Decision time -- Ray Grabanski
Grains have continued their recovery this week, gaining back even more and approaching the yearly highs again in corn and soybeans, with wheat running back to the old highs. This was quite a retracement for wheat, gaining a $1 in just over four days of trading! After challenging those highs, they've retreated a bit, but it is impressive to see these healthy gains on the strength of the Australian crop problems with their recent wet harvest.
It is interesting that corn has not participated in the rally, with wheat stocks in the US still projected to be larger than corn ending stocks. One would think there is a lot of wheat of milling quality in the US to provide an offset for the feed wheat that is being produced in large quantities in the Australian outback. It would be an interesting year, indeed, if we actually end up with larger wheat ending stocks than corn ending stocks - this is likely not going to happen, in reality. But what it takes to get the wheat stocks down and corn stocks up is still anyone's guess. So while the US stocks suggest we should be using wheat for feed in the US, the rest of the world's wheat problems with quality wheat is pushing prices another direction - one that is trying to discourage the feeding of milling quality wheat.
So, the wheat market is rallying sharply while dragging the corn and soybeans higher reluctantly. Whether or not corn and soybean cans continue their rally and gain back enough to push these markets back into uptrends (after recent topping type price action) remains to be seen.
The enthusiasm for the bull side of corn and soybeans just doesn't seem to be there.
So, while the markets have recovered a great deal recently, it remains to be seen whether they can overcome the recent highs in corn and soybeans.
Since we've regained so much of recent losses (60-70% retracement of losses since Nov. 9), these are great places to place hedges in a low risk, high potential reward location. For markets in corn and soybeans suggested topping type price action in early November, and now have retraced about as far as they should IF the top has indeed been formed.

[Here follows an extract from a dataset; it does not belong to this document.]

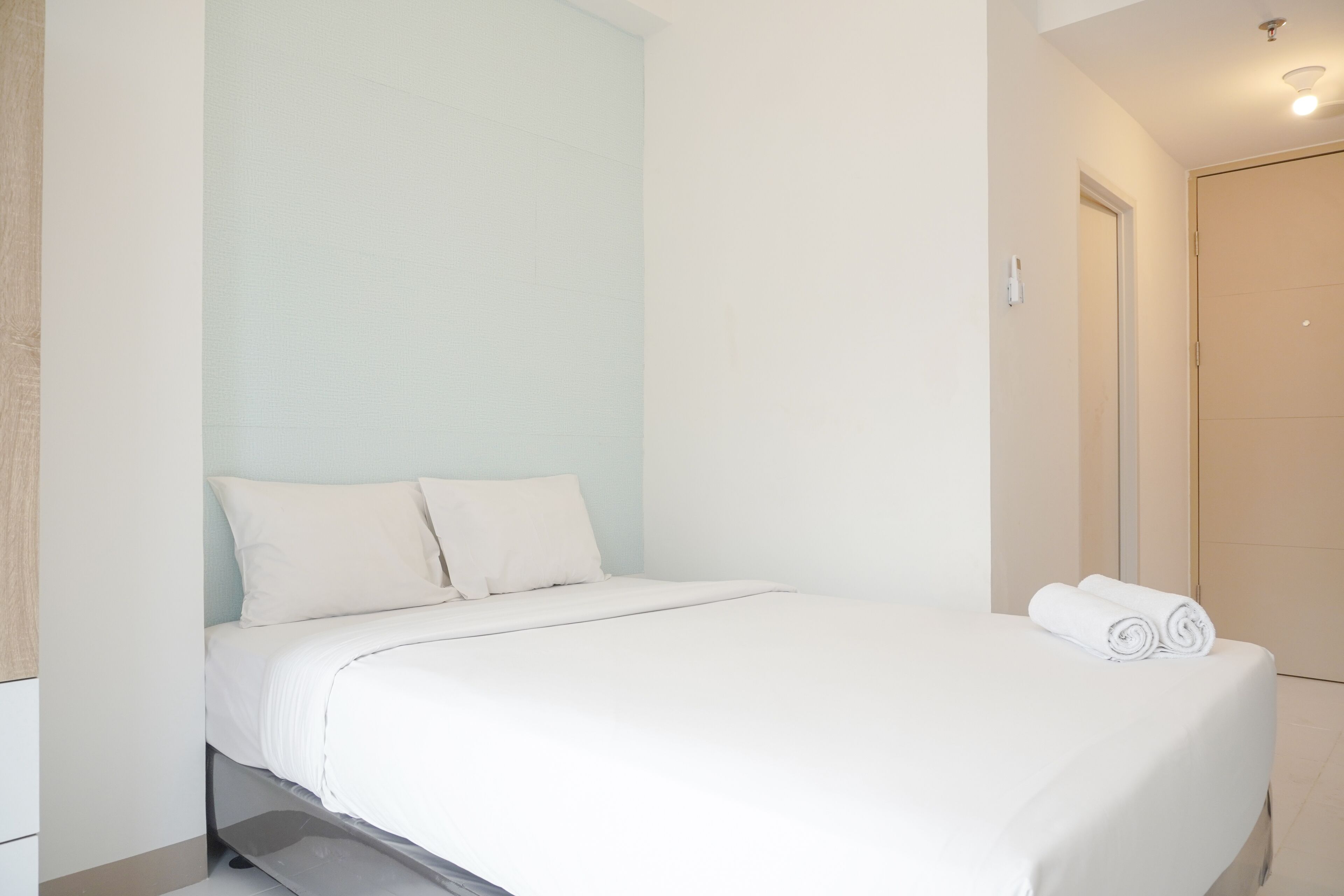 A neatly made bed with white linens and pillows, a small bedside table, and a rolled towel on the bed.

Selling at current price levels, with a buy stop above the old highs, seems like a very prudent thing to do for hedgers. For if indeed the top was finally formed in early November, these prices won't be seen again for a while. And if these aren't tops, we can simply stop ourselves out at the old highs (a specified price risk parameter) and hope the market continues to run higher. Although Pro Ag is not a believer in seeing prices equal to 2008 highs, if we don't stop here that realistically is the next technical price target. It just doesn't seem like the world is in quite the same bullish mindset as it was in the 2008 rally, and it sure didn't take long for prices to retreat from those levels once the highs were formed.